THE MINT JULEP: The Very Dream of Drinks

(with footnotes for modern people)

by Joshua Soule Smith

Then comes the zenith of man’s pleasure. Then comes the julep—the mint julep. Who has not tasted one has lived in vain. The honey of Hymettus brought no such solace to the soul; the nectar of the gods is tame beside it. It is the very dream of drinks, the vision of sweet quaffings.* The bourbon and the mint are lovers. In the same land they live, on the same food they are fostered. The mint dips its infant leaf into the same stream that makes the bourbon what it is. The corn grows in the level lands through which small streams meander. By the brook-side the mint grows. As the little wavelets pass, they glide up to kiss the feet of the growing mint, the mint bends to salute them. Gracious and kind it is, living only for the sake of others. The crushing of it only makes its sweetness more apparent. Like a woman’s heart, it gives its sweetest aroma when bruised.** Among the first to greet the spring, it comes. Beside the gurgling brooks that make music in the pastures it lives and thrives.

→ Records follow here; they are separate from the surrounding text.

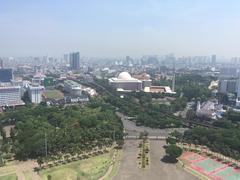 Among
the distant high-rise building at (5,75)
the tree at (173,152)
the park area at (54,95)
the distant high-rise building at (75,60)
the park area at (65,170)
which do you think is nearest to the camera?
the park area at (65,170)

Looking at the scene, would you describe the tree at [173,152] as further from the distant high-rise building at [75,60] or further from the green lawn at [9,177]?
the distant high-rise building at [75,60]

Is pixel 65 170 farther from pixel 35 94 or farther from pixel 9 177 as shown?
pixel 35 94

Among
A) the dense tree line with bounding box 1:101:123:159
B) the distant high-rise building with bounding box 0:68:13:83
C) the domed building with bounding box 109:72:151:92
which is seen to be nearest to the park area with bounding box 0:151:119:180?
the dense tree line with bounding box 1:101:123:159

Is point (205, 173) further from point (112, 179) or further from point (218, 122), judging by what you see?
point (218, 122)

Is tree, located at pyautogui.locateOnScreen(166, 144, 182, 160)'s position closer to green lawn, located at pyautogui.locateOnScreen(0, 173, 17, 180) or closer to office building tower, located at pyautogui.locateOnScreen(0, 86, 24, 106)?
green lawn, located at pyautogui.locateOnScreen(0, 173, 17, 180)

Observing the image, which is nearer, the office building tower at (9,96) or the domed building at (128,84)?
the office building tower at (9,96)

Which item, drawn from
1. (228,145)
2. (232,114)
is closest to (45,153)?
(228,145)

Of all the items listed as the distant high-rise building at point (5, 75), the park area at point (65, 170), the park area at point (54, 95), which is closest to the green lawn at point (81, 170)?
the park area at point (65, 170) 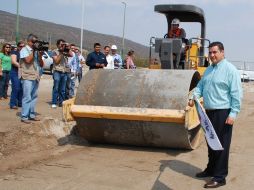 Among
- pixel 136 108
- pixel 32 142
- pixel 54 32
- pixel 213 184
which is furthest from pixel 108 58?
pixel 54 32

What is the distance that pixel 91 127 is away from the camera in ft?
25.3

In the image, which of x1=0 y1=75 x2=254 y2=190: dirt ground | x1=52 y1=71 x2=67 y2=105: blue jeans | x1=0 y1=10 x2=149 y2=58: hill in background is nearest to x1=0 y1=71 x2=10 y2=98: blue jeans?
x1=52 y1=71 x2=67 y2=105: blue jeans

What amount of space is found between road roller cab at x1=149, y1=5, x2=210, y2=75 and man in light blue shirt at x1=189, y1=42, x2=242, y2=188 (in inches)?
142

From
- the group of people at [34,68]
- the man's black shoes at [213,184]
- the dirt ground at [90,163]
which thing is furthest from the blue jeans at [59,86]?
the man's black shoes at [213,184]

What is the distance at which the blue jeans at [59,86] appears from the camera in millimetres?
11422

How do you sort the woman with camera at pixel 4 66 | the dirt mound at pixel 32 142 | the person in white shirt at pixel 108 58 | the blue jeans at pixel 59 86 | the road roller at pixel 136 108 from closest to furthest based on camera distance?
the dirt mound at pixel 32 142
the road roller at pixel 136 108
the blue jeans at pixel 59 86
the person in white shirt at pixel 108 58
the woman with camera at pixel 4 66

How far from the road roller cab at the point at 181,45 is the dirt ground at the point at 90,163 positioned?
6.57 ft

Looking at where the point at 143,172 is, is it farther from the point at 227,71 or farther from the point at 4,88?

When the Blue Grass begins to shoot its gentle sprays toward the sun, mint comes, and its sweetest soul drinks at the crystal brook. It is virgin then. But soon it must be married to Old Bourbon. His great heart, his warmth of temperament, and that affinity which no one understands, demand the wedding. How shall it be? Take from the cold spring some water, pure as angels are; mix it with sugar until it seems like oil. Then take a glass and crush your mint within it with a spoon—crush it around the borders of the glass and leave no place untouched. Then throw the mint away—it is a sacrifice.
Fill with cracked ice the glass; pour in the quantity of Bourbon which you want. It trickles slowly through the ice. Let it have time to cool, then pour your sugared water over it. No spoon is needed, no stirring is allowed***—just let it stand a moment. Then around the brim place sprigs of mint, so that the one who drinks may find a taste and odor at one draught.

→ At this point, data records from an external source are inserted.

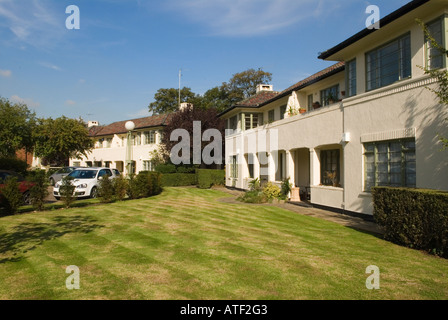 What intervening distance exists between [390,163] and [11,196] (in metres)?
14.3

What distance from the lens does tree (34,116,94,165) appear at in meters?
35.3

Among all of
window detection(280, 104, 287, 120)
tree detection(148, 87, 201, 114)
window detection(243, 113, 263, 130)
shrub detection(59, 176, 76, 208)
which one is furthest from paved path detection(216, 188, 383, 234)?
tree detection(148, 87, 201, 114)

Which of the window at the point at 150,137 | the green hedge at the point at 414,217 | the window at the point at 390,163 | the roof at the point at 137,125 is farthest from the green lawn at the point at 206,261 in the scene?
the window at the point at 150,137

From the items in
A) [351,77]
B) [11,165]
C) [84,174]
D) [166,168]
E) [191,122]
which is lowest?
[84,174]

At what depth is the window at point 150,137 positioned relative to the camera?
1585 inches

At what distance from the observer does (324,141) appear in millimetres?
14383

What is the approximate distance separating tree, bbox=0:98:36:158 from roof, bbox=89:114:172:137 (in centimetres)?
1261

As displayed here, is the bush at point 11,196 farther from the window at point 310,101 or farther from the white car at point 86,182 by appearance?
the window at point 310,101

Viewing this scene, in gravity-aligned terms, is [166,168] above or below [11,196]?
above

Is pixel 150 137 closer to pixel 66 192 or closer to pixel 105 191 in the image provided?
pixel 105 191

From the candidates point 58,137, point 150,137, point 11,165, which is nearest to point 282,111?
point 150,137

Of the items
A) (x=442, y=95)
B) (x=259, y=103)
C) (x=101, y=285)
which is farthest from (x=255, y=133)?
(x=101, y=285)

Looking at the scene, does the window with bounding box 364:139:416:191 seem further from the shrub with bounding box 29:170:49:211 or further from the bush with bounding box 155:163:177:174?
the bush with bounding box 155:163:177:174

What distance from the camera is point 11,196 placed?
1246 centimetres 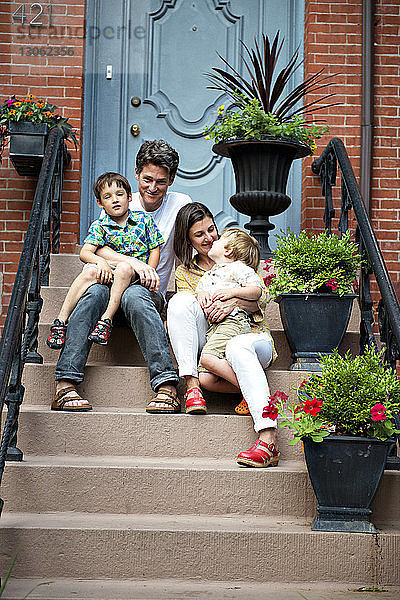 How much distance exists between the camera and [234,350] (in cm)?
336

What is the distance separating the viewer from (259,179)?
15.3 feet

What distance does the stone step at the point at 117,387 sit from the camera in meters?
3.60

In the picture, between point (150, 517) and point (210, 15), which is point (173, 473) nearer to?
point (150, 517)

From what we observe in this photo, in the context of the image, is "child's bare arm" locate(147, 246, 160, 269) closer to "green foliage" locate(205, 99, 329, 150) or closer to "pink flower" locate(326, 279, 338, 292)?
"pink flower" locate(326, 279, 338, 292)

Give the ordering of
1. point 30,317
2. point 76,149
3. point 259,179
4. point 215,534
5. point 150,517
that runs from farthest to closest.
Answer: point 76,149
point 259,179
point 30,317
point 150,517
point 215,534

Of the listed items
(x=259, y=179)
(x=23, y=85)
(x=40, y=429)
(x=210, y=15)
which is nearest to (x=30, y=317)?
(x=40, y=429)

When it is made, sip it slowly. August suns are shining,^ the breath of the south wind is upon you. It is fragrant, cold and sweet—it is seductive. No maiden’s touch could be more passionate. Sip it and dream, it is a dream itself. No other land can give so sweet a solace for your cares; no other liquor soothes you so in melancholy days. Sip it and say there is no solace for the soul, no tonic for the body“like Old Bourbon whiskey.
*To quaff- archaic, to drink heartily; to overindulge. Prefer “sweet sippings.” It lasts longer that way.
** Prefer “The stroking of it only makes its sweetness yet more apparent. Like a woman’s heart, it gives its sweetest aroma when caressed.” This fixes both halves of the simile. Crushed mint is over-muddled, and will not provide its aroma. More importantly, women are best left unbruised.
*** Stirring is allowed. Not necessary, but certainly allowed.
^ Again, let’s try and remember the Mint Julep during the hotter parts of the summer, not just when it’s Derby Day.
“Not medicine, psychological or physical.